Thompson Rivers University
Thompson Rivers University

Protecting Our Sources

Protecting Surface Water

Here are some things you can do to protect your surface water source or watershed:

  1. Get a water license or permit, if available. This will formally stake your claim to water so that human activity in your vicinity must be consistent with protecting your legal right to water.
  2. Minimize the impact of your activity in areas along lakeshores and riverbanks. Watering livestock away from surface water or picking up after pets on walks in watersheds are two simple examples.
  3. Avoid using chemicals in areas along lakeshores and riverbanks.
  4. Ensure your septic tank does not leak into a lake or stream.
  5. Report to local authorities anyone you think may be polluting your water.
  6. Minimize your impact on storm water runoff which flows back to rivers. Washing your car on the lawn and avoiding the use of road salt are examples of things you can do. Anything that goes down the drain will end up in the water somewhere.
  7. Join a coalition or organization to raise awareness of watershed issues in your community.

Protecting Ground Water

Areas of sand or gravel are at higher risk; it is much easier for hazardous materials to reach ground water through sand or gravel than through clay.
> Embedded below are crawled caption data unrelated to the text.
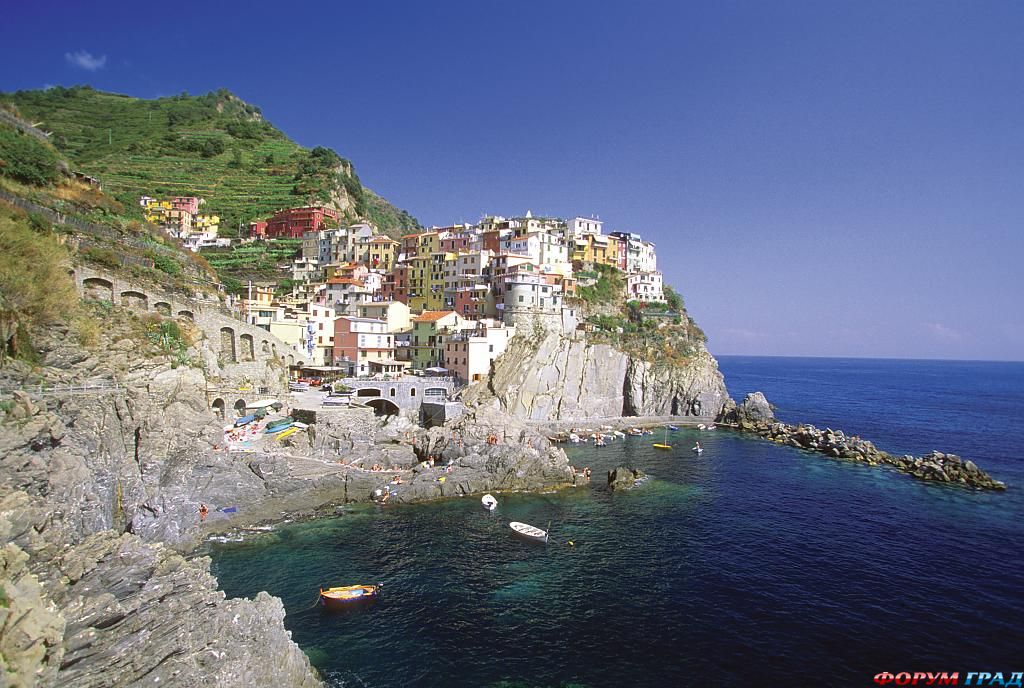 самые живописные места Италии
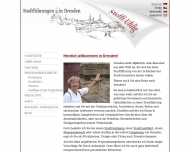 Bild Stadtfhrung in Dresden mit lizenzierter Gstefhrerin Steffi Uhlig 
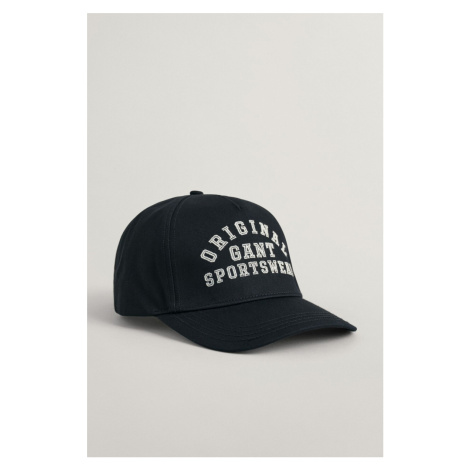ŠILTOVKA GANT ORIGINAL SPORTSWEAR CAP čierna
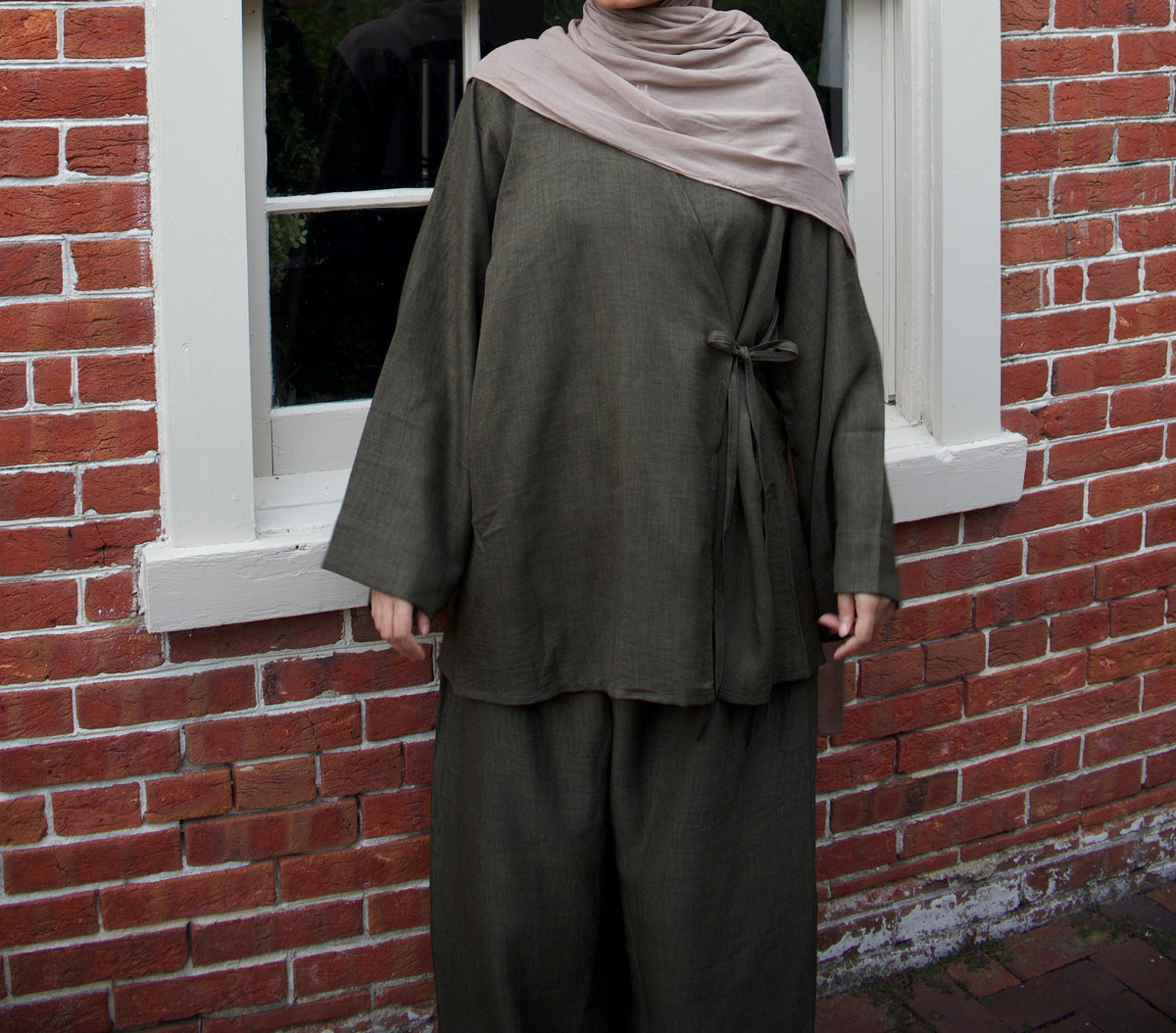 Hana-Everyday Set-Deep Olive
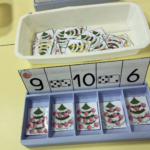 Boîte à compter Noël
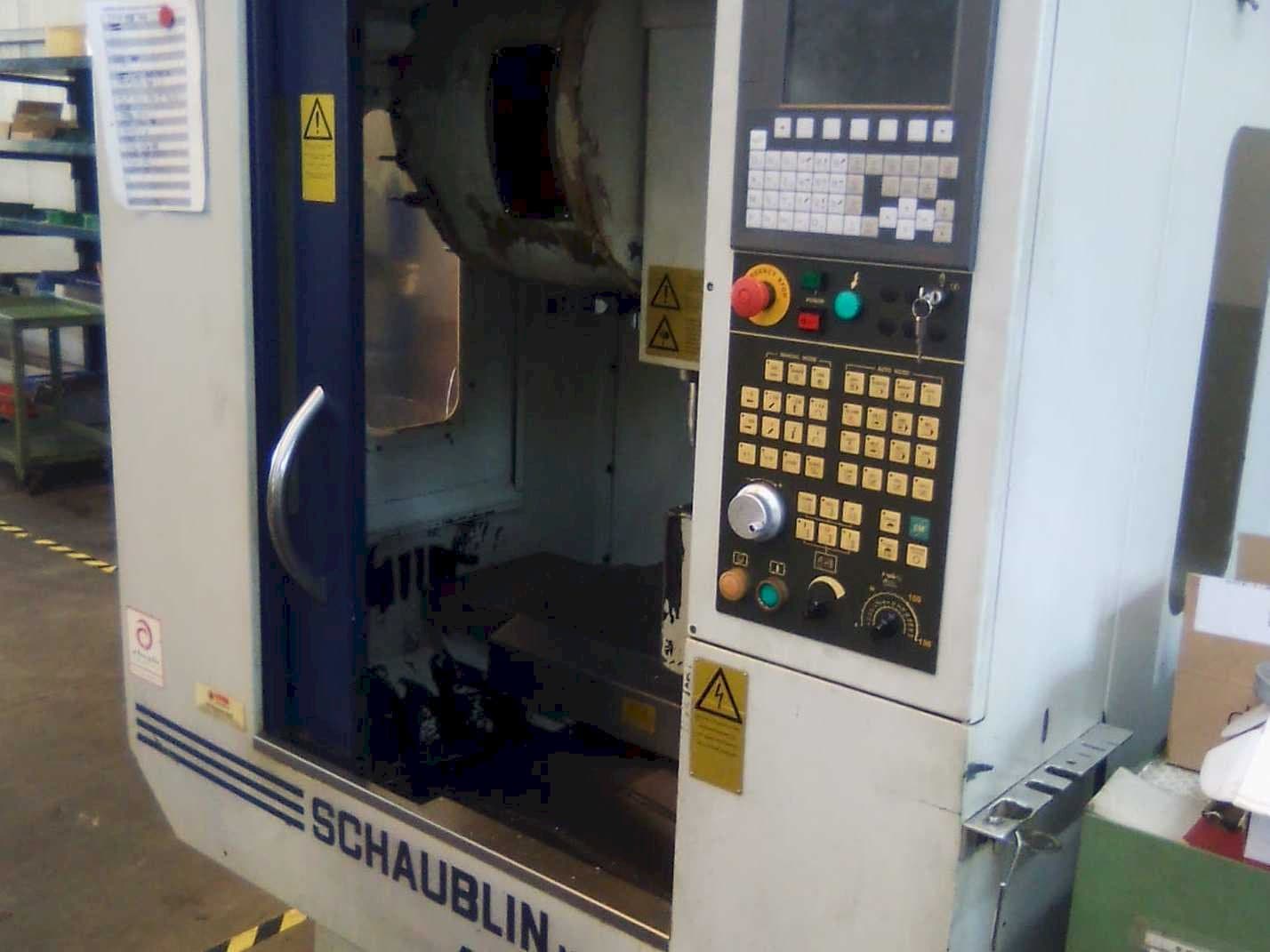 Front view of SCHAUBLIN 48V  machine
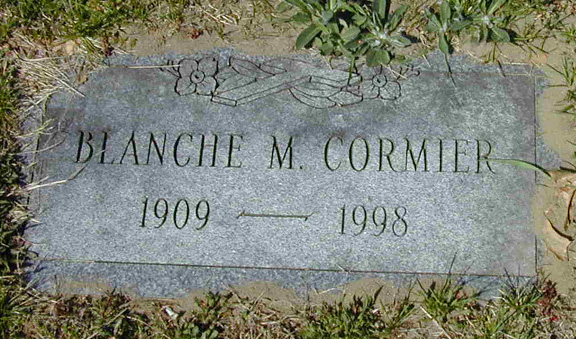Blanche M. Cormier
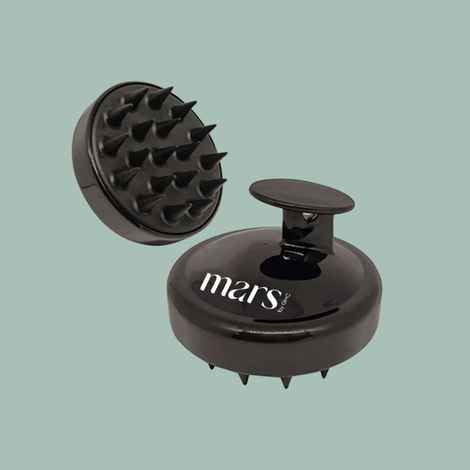 Buy Mars By GHC scalp massager & shampoo brush 1 Pc - Purplle
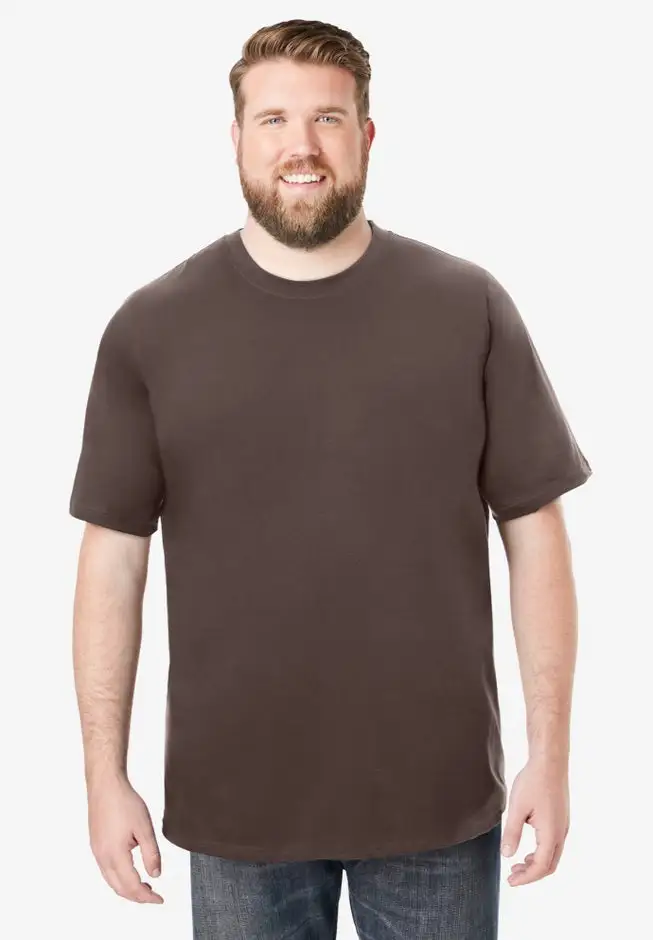 Heavyweight Jersey Crewneck T-Shirt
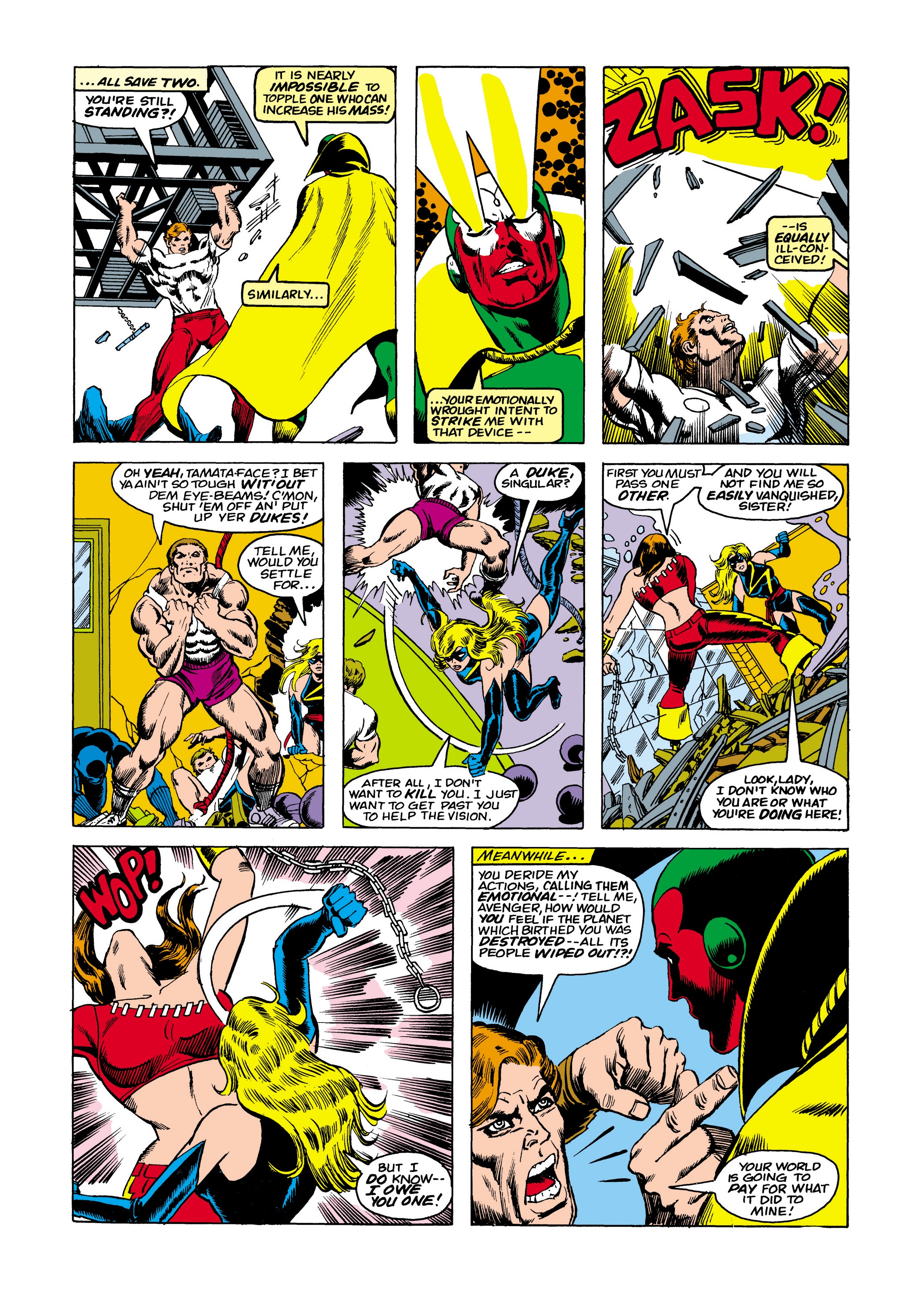 Read online Marvel Masterworks: The Avengers comic -  Issue # TPB 18 (Part 1) - 30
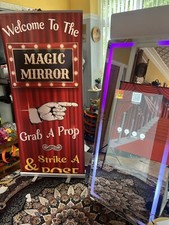 MAGIC MIRROR PHOTO BOOTH HIRE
Here are some things you can do to protect your ground water:

  1. Don’t store or dump hazardous materials on the ground.
  2. Seal abandoned or unused wells so that hazardous materials cannot enter your ground water.
  3. Restrict all roads, buildings, and storage to within a 30-metre (100 foot) radius of a well.
  4. Remove buried oil and gas tanks before they leak.
  5. Report people who you think may be contaminating your ground water.
  6. Keep as many chemical test records as possible so you can see if your ground water quality is changing.
  7. Pump your septic tank so that you reduce the amount of poor-quality effluent you are discharging into the ground.*
  8. Participate in government initiatives to protect ground water.

*NB: The fact that sewage is not backing up into your house or onto your lawn does not necessarily mean that your septic tank and field are working properly. It is important to note that shallow ground water is easily contaminated by septic field runoff.